If you've ever asked a barista, waiter, bartender, or cashier if they “like their job”, you may be stressing your server out for no real reason. Exactly how do you want your service person to answer the question and what do you really want to know
“Yes” is probably a lie. I've never met someone who's fulfilled by working the bottom tier service industry. In a roundabout way the job might make them happy. It might provide the schedule to do something creative/educational in the background. Maybe, it’s an opportunity to make connections that they are hoping to leverage into a better career or a better living space.
“No” is a whole other dangerous can of worms. What if your boss overhears you? It sounds dumb. The boss shouldn't care if you're happy so long as you do your job, but they care. Every guest complaint is your fault because you're giving out the vibe you're not happy here. And you need to be more grateful you have a job and are getting paid.
If you're a manager, it's even more deadly to tell a guest you don't like your job. All your employees will hear you and think to themselves “Well my boss doesn't even like this job, so this place is just terrible and I should leave” or “My boss doesn't even care so I don't have to do a good job.” Yeah, being happy and caring about a job are not the same thing, but you'd be surprised how often the two are confused.
Saying “no, I don't like this job” could be seen as a backhanded expression of “no I don't like serving you”. A guest might be offended, ascend offending a guest is about the worse thing you can do.
Why do you care if we like our jobs? Are you going to leave your career and join the minimum wage service industry?
Honestly, do people come to where you work and randomly ask you if you like your job? How would you feel if a random stranger entered your work space, had you do a bunch of tasks which you did as cheerfully and effectively as you could and mid way through asked “do you like working here?” Does it sound mildly like a threat to your security no matter the inflection?
Next time, ask what you really want to know like “is it fun to work the espresso machine” or “it must be nice to know so much about wine pairing” or whatever the heck it is that you thought made this job fun/cool. It's kind of nice to be reminded of the sweet parts of the gig and it's always makes my day to hear that someone else has an appreciation for the way I handle part of my job.
If you're looking for work for your teen, then just open with that. Most people will let you know the minimum hiring age for their store and are often TOO open about whether or not it's realistic for a teen to work their job. There is a lot to consider when hiring teens, but I do find that often my employees will chase away possible candidates based off what THEY do on the job that a teen legally couldn't do. As a manager, I'd make space for a teen to work a shift. The right teenager brings a bubbly enthusiasm, speed and friendliness to guest service that can rejuvenate the rest of the staff and can be hard to find in a more seasoned worker.

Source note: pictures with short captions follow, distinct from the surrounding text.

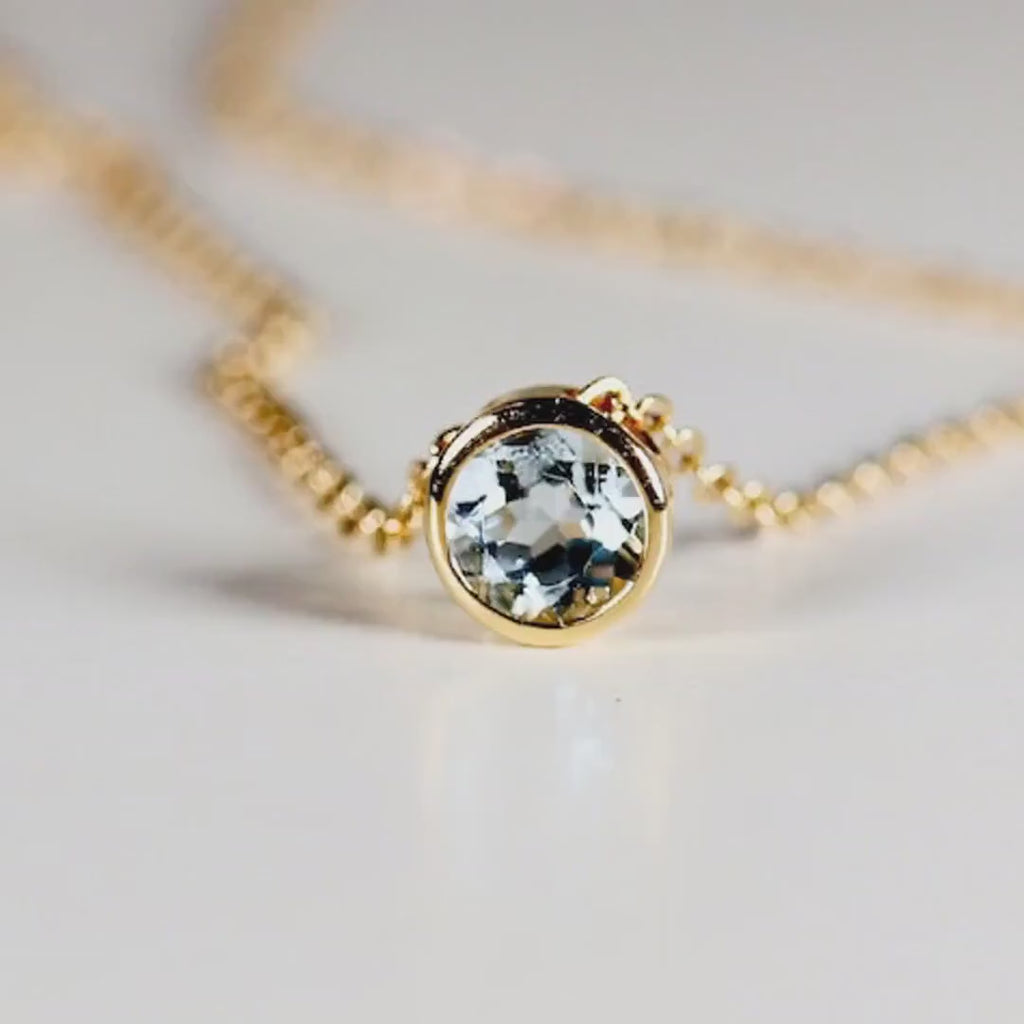 Bezel Set Swiss Blue Topaz Necklace 14k Solid Gold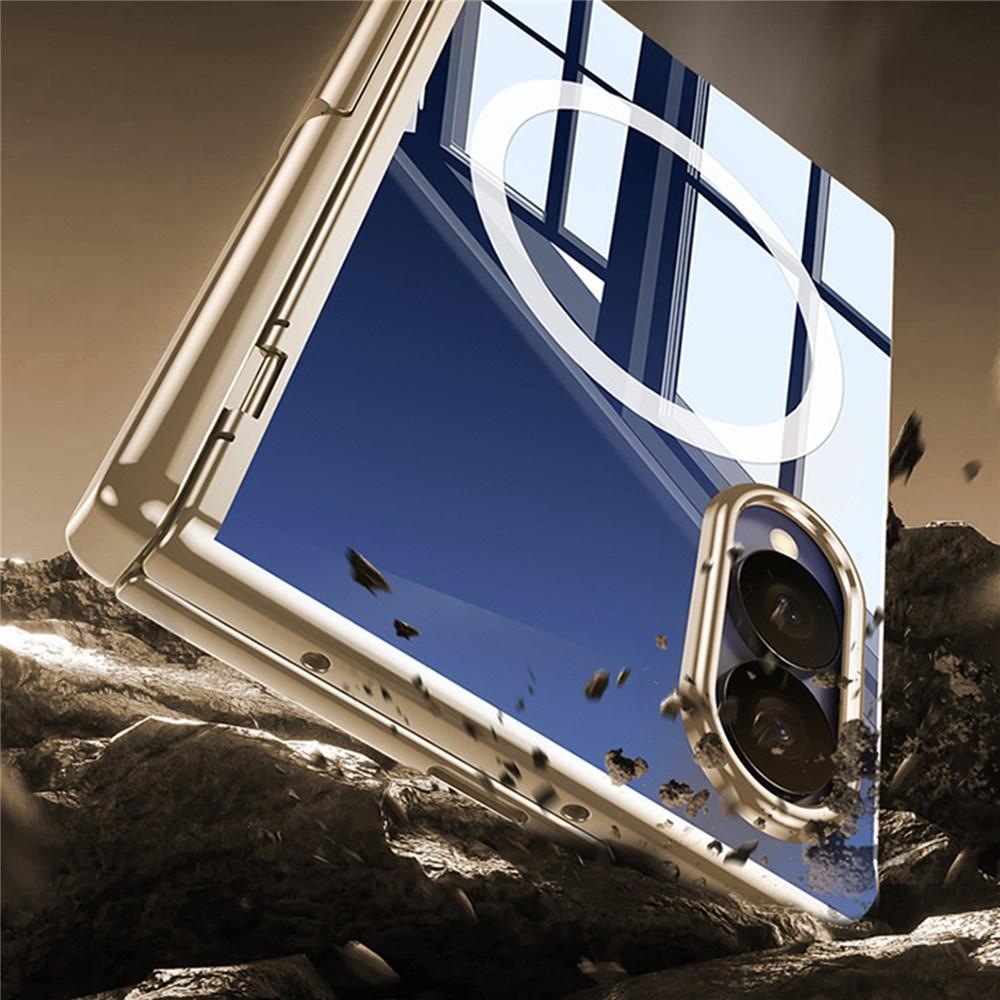 Transparent case for Samsung Galaxy Z Fold 8, with stand and glass for external screen, for MagSafe, gold frame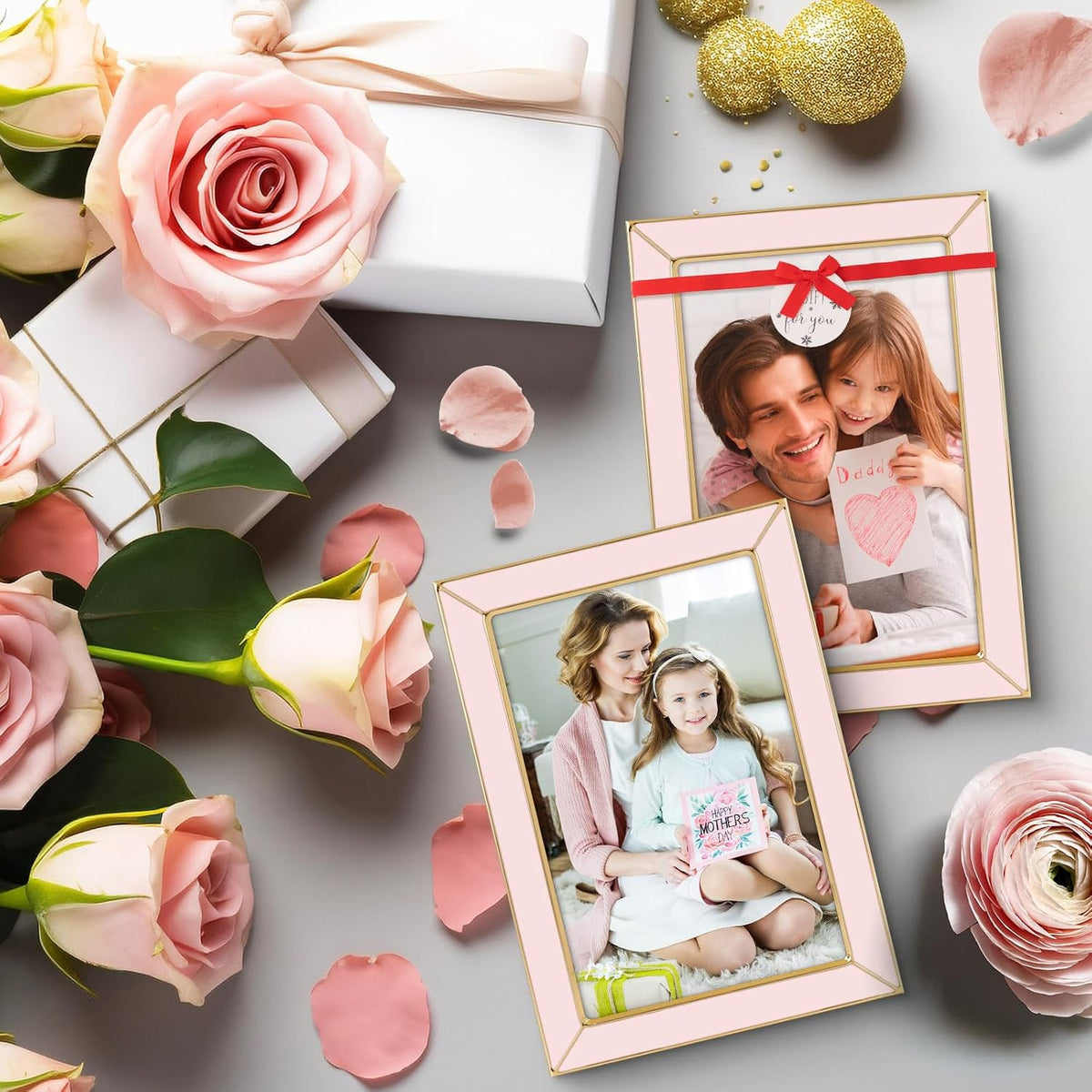2 Pack 4x6 Pink Enamel Picture Frame, Gold Metal Edge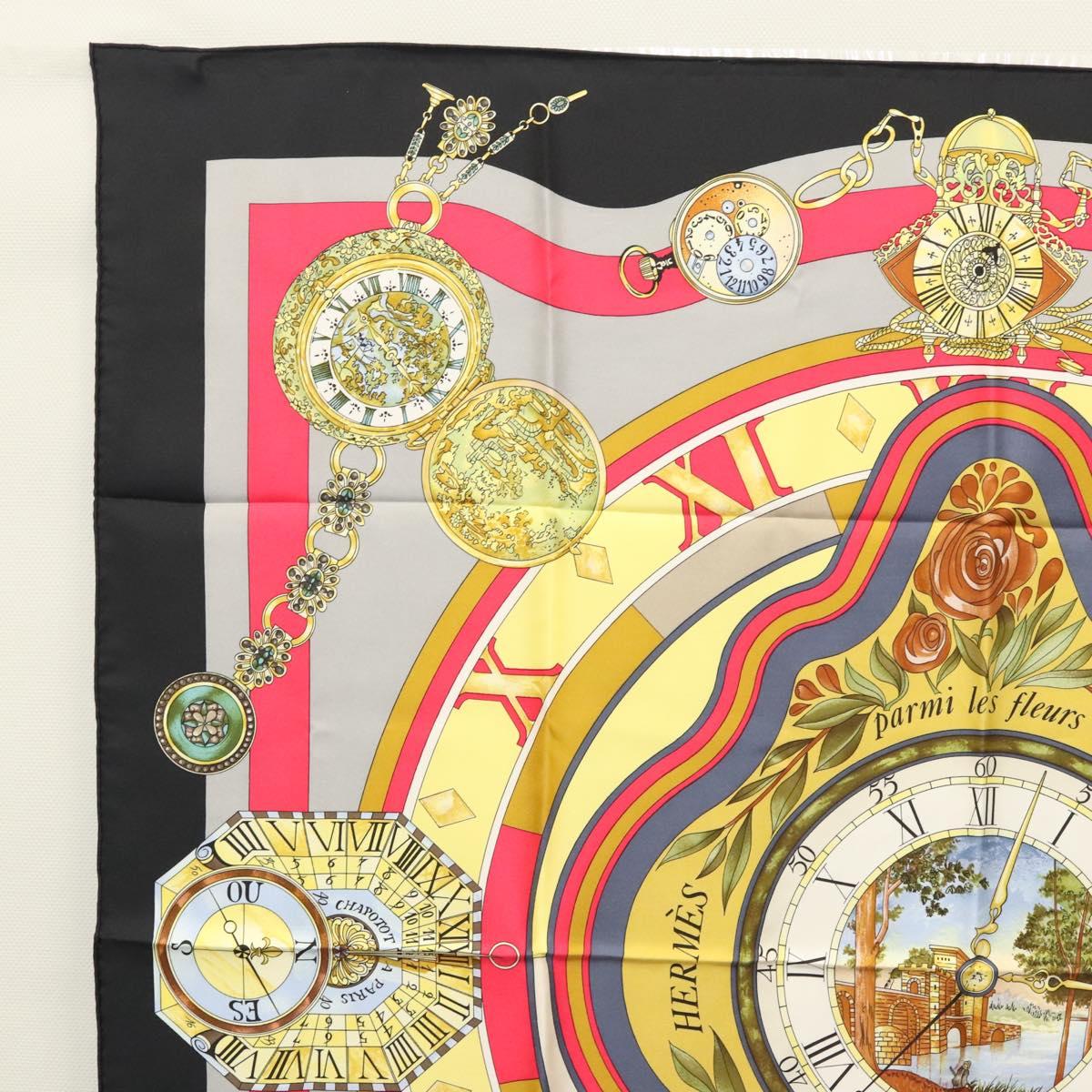 HERMES Carre 90 ""Parmi les fleurs je compte les heures"" Black Auth am8152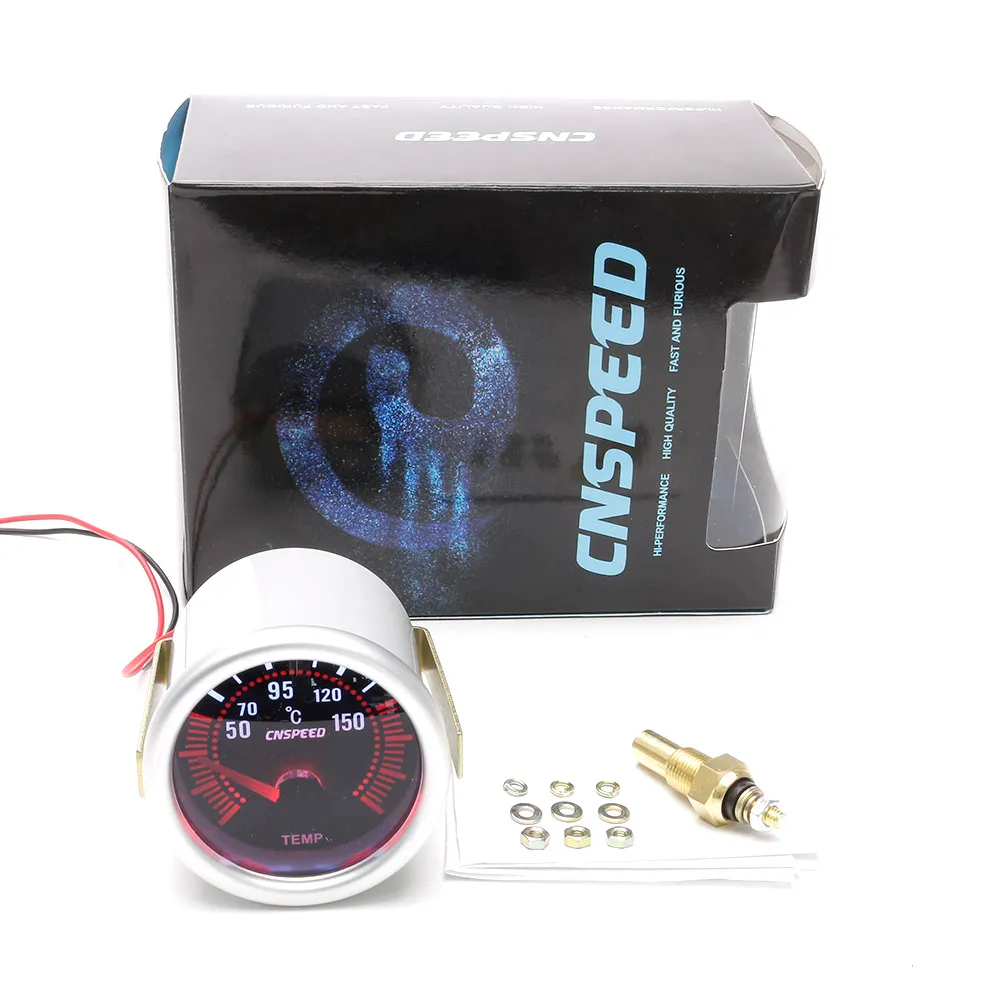 온도 센서가있는 Cnspeed 52mm 범용 LED 연기 Len 12V 오일 온도 게이지 미터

For the record, I hesitate to hire teens whose parents or family are job hunting for them. It signals to me that the teen doesn't really want the job or the teen isn't competent enough to handle the job.
If you're using “do you like your job” as a segway to offer us a job, just present the opportunity. Don't play games with us about whether or not this is all we see ourselves doing with our lives. Remember, everyone in the service industry is underemployed. We all have skills and talents that go way beyond filling your order, taking your money, making wine suggestions, or scanning items. Give us the credit that you would a chimp and acknowledge we're at minimum bored and frustrated. Just like you wouldn't bang on the glass in the monkey house, don't waste our time with a stupid invasive question.
Opening Up the Conversation:
-Have you asked people in the service industry if they like their jobs and if so why?
-Have you ever seen a skill in a service person that made you think, this person could do more than this?
-Have you ever offered a job to or hired someone who was serving you?
-If you work in the service industry, have you ever been asked if you like your job and how did you handle it?
-If you don't work in the service industry, has anyone asked you if you like your job and what was the context?
-Do you love your job or industry and if so what do you do?